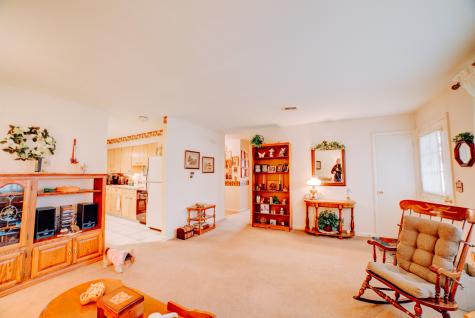 617 East Grant Street Watseka IL 60970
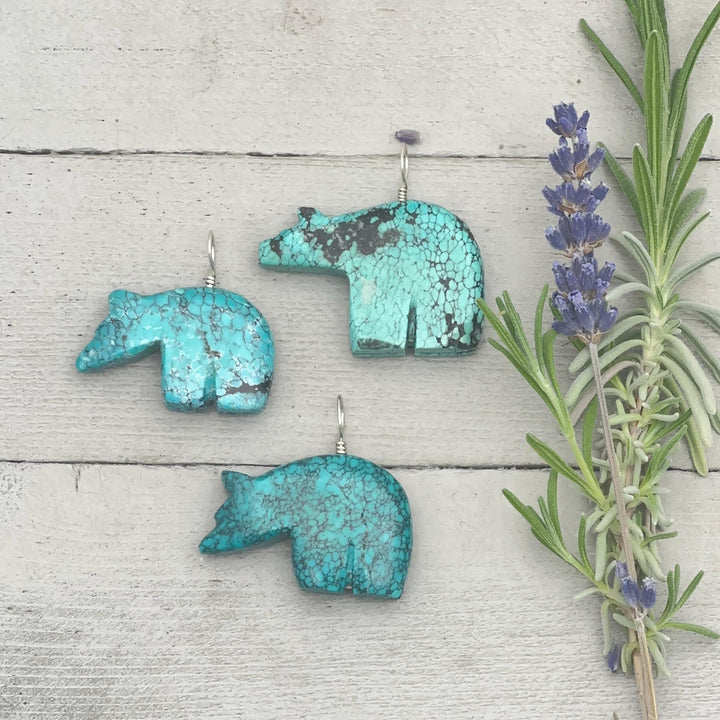 Vintage Zuni Carved Turquoise Bear Pendant – Solid 925 Sterling Silver - SunlightSilver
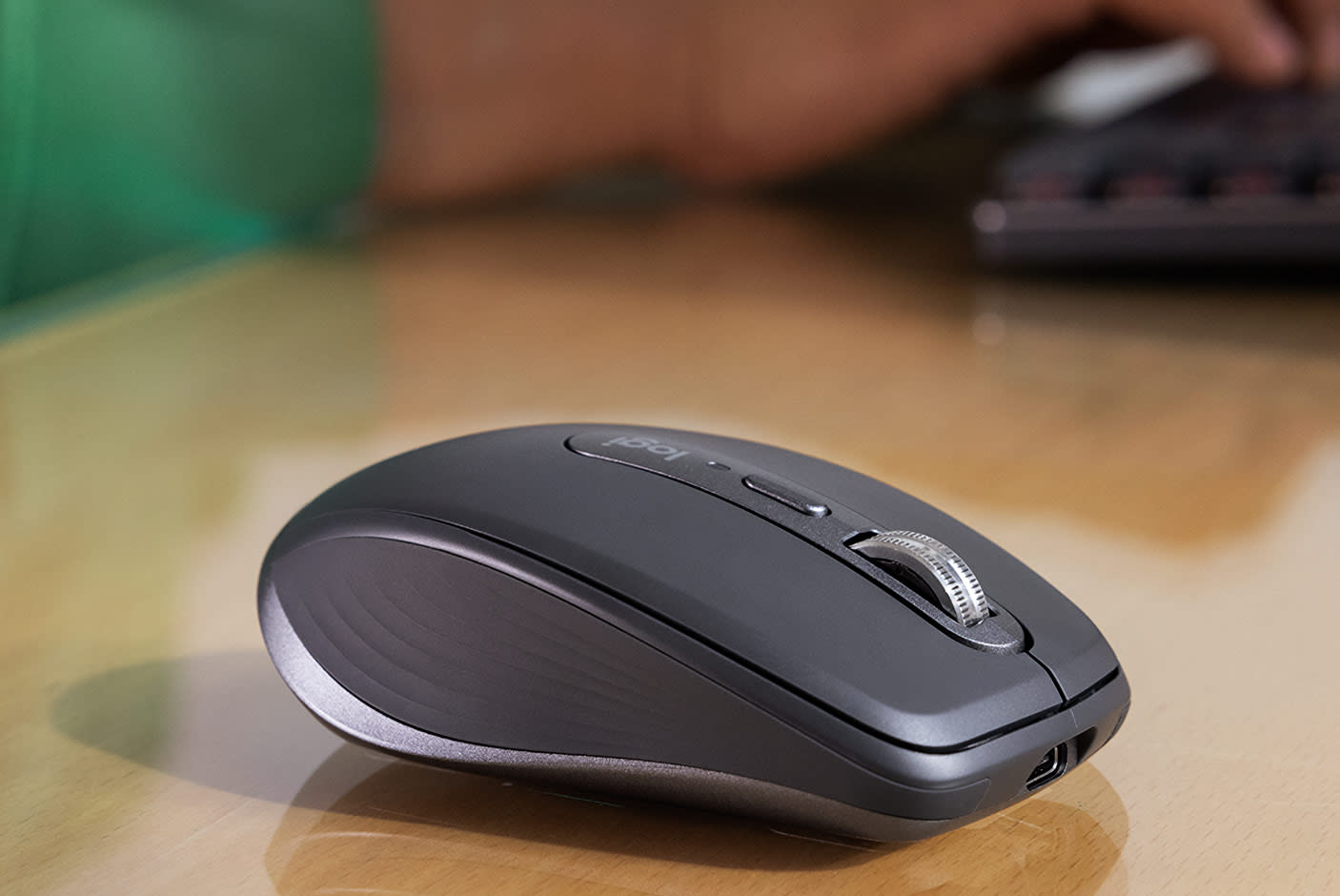 4245490-Tile-1-Logitech-MX-Anywhere-3s-surfaces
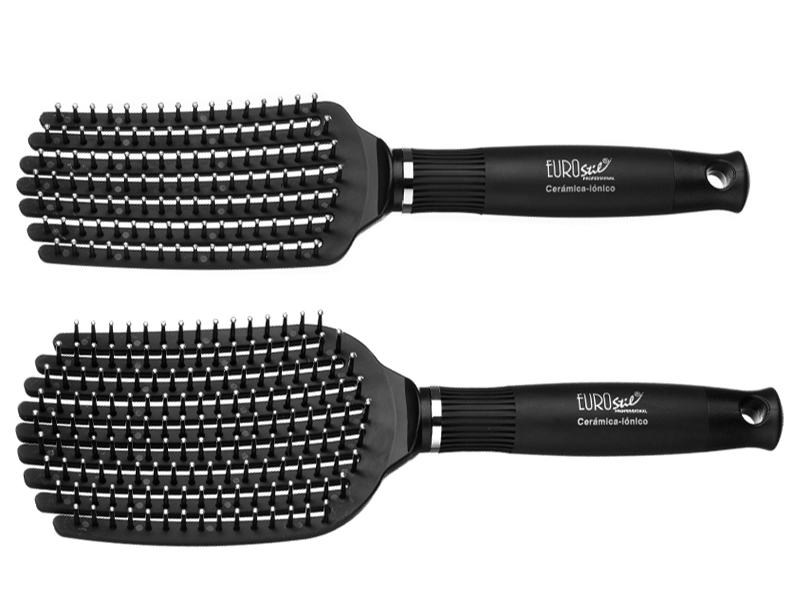 Eurostil Rectangular Flexible Brush - profesionální kartáče na rozčesávání vlasů
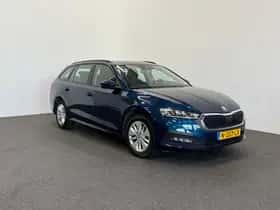 Škoda Octavia (2021) thumbnail 3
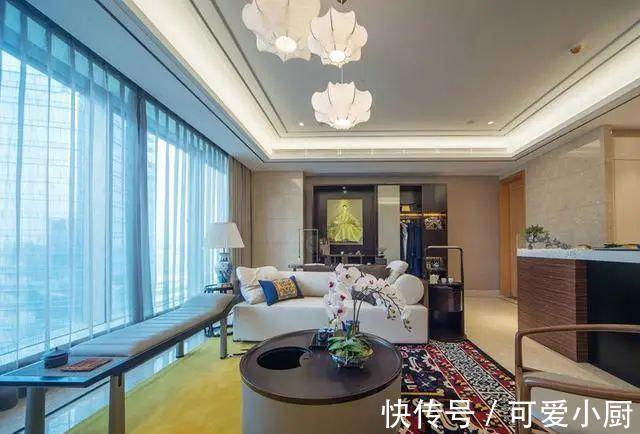 墙面|石膏线已经过时了,现在流行这种,墙面更美观大方,价格还便宜!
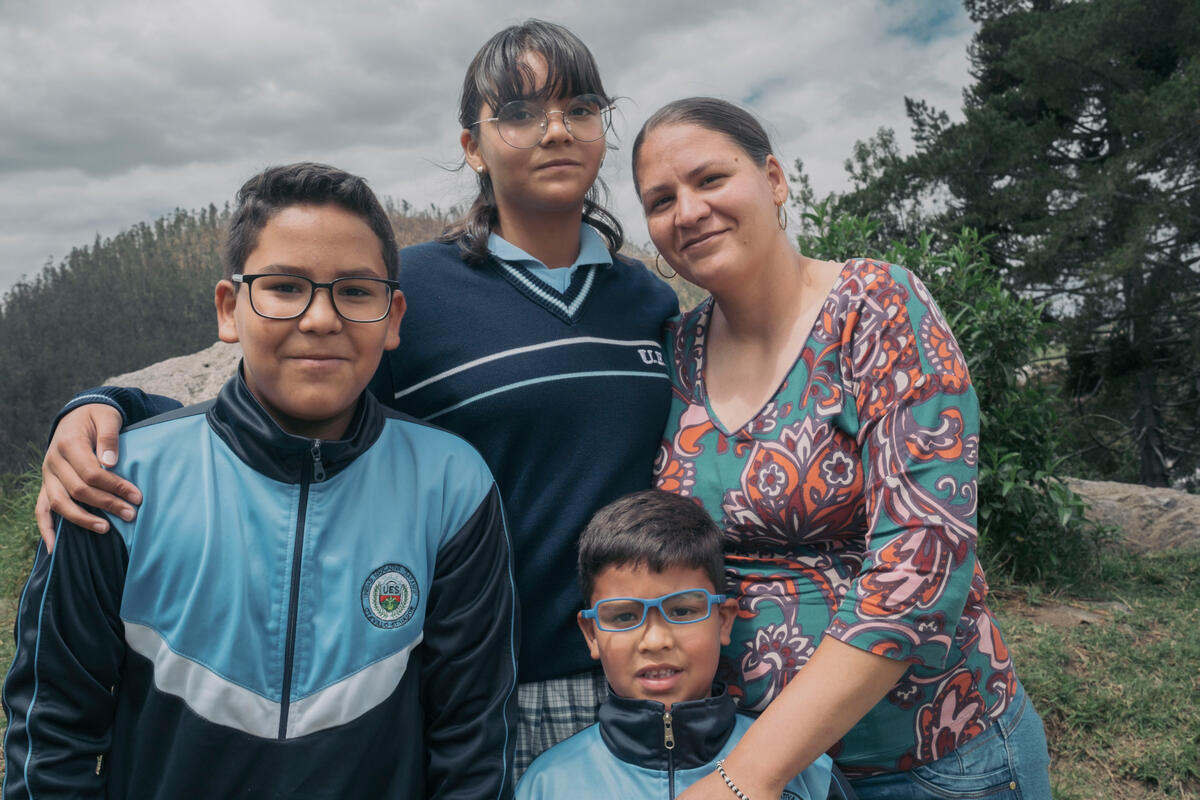 Un adolescente, una adolescente, y un niño pequeño con su madre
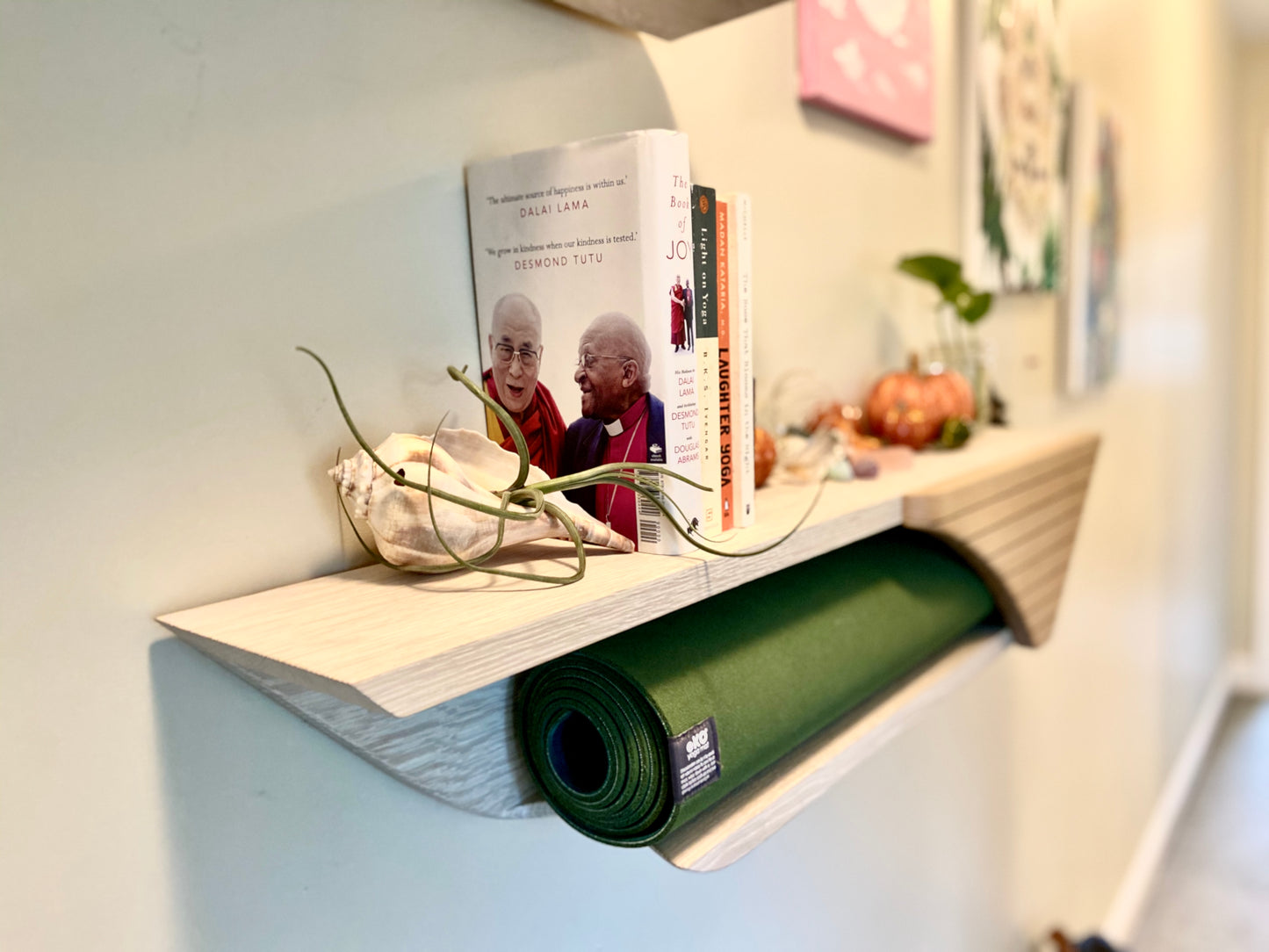 Yoga Shelf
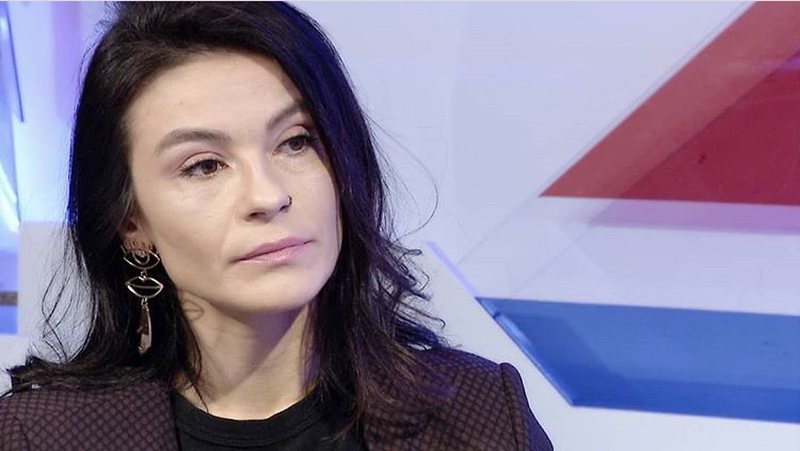 Gazetarja e njohur bën deklaratën e fortë: Vajzat shqiptare janë më të hapura, ndërsa djemtë… 800 0 5fca05cc9bcec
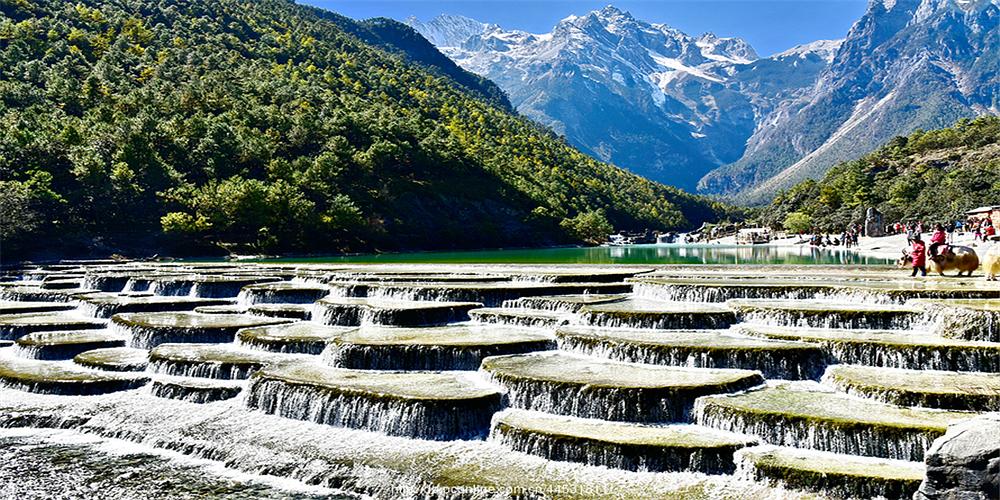成都租車去云南麗江游玩需要幾天時(shí)間？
---------------
• [TASK ITEM]
Omit the pictures and reproduce the remaining material above exactly.

• [WRITTEN SOLUTION]
 617 East Grant Street Watseka IL 60970
 Vintage Zuni Carved Turquoise Bear Pendant – Solid 925 Sterling Silver - SunlightSilver
 4245490-Tile-1-Logitech-MX-Anywhere-3s-surfaces
 Eurostil Rectangular Flexible Brush - profesionální kartáče na rozčesávání vlasů
 Škoda Octavia (2021) thumbnail 3
 墙面|石膏线已经过时了,现在流行这种,墙面更美观大方,价格还便宜!
 Un adolescente, una adolescente, y un niño pequeño con su madre
 Yoga Shelf
 Gazetarja e njohur bën deklaratën e fortë: Vajzat shqiptare janë më të hapura, ndërsa djemtë… 800 0 5fca05cc9bcec
成都租車去云南麗江游玩需要幾天時(shí)間？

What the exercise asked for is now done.